Your goal:
Apart from the pictures, every line below is to be set down exactly.

___ Information shown ___

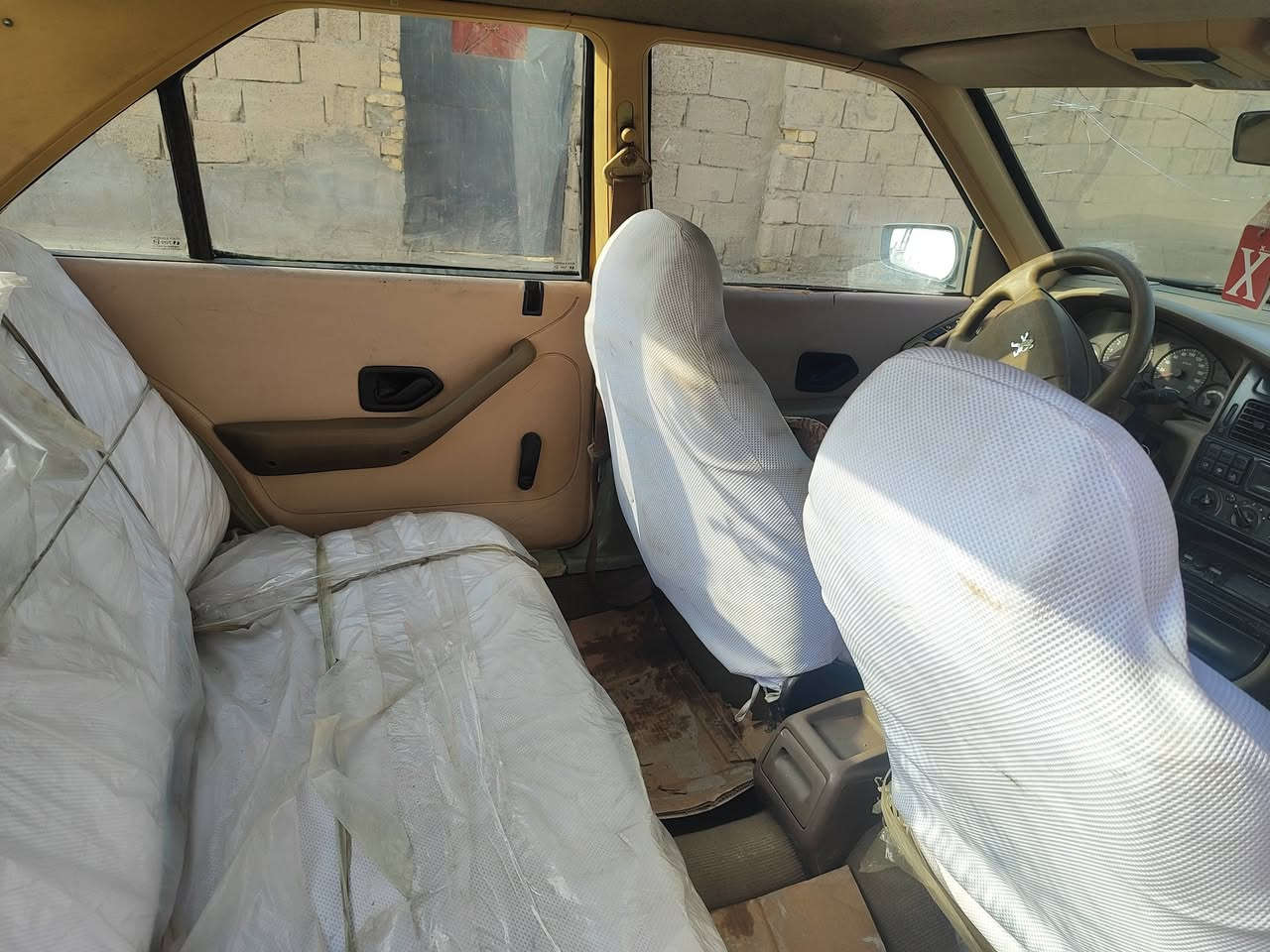 بيجو 405 موديل 2010 للبيع
محرك وكير مكفولات لاتنقيص ولا تبخير  باتري جديد عينه وصينيه مبدلهن توه بريك توه مسوي جديد الجام يصعد وينزل تايرات نص عمر حداديه نص عمر سبير بيهه تبريد كامل بس يرادله غاز بيهه خياسات قليل بل دواير الوره  مصفره غرامات هيئه عليه بس 200 وراعيهه يمي يحول السعر 14 رقمي *********** مكاني البصره ابو الخصيب
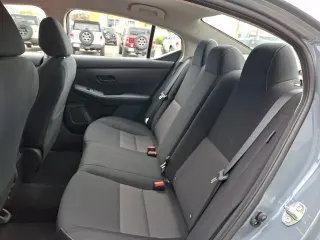 Nissan Sentra 2025 SV 4dr Sedán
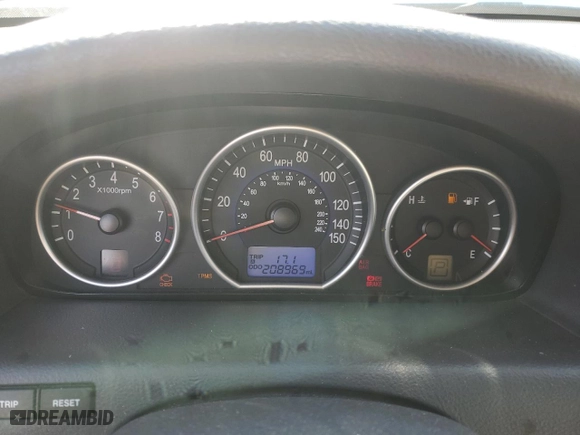 2011 Hyundai Veracruz GLS with VIN KM8NU4CCXBU163852, listed as a Copart auction lot 44753435 with 208,969 mi miles and Salvage Title. Bid and sale history available at carsss.com. Image 9.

___

Output of the exercise:
 بيجو 405 موديل 2010 للبيع
محرك وكير مكفولات لاتنقيص ولا تبخير  باتري جديد عينه وصينيه مبدلهن توه بريك توه مسوي جديد الجام يصعد وينزل تايرات نص عمر حداديه نص عمر سبير بيهه تبريد كامل بس يرادله غاز بيهه خياسات قليل بل دواير الوره  مصفره غرامات هيئه عليه بس 200 وراعيهه يمي يحول السعر 14 رقمي *********** مكاني البصره ابو الخصيب
 Nissan Sentra 2025 SV 4dr Sedán
 2011 Hyundai Veracruz GLS with VIN KM8NU4CCXBU163852, listed as a Copart auction lot 44753435 with 208,969 mi miles and Salvage Title. Bid and sale history available at carsss.com. Image 9.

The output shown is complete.